» **DATASET CONTENT**
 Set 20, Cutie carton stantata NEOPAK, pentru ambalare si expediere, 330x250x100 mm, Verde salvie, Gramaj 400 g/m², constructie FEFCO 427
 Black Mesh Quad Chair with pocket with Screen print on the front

==

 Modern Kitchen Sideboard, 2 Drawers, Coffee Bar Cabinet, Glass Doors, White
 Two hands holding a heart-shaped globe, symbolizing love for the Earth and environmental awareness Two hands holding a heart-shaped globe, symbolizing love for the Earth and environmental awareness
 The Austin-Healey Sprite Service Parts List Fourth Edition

» **WHAT IS NEEDED**
The output should be exactly the lines above from the line containing "Modern Kitchen Sideboard, 2" to the line containing "The Austin-Healey Sprite", inclusive, with no other lines.

» **OUTPUT OF THE TASK**
 Modern Kitchen Sideboard, 2 Drawers, Coffee Bar Cabinet, Glass Doors, White
 Two hands holding a heart-shaped globe, symbolizing love for the Earth and environmental awareness Two hands holding a heart-shaped globe, symbolizing love for the Earth and environmental awareness
 The Austin-Healey Sprite Service Parts List Fourth Edition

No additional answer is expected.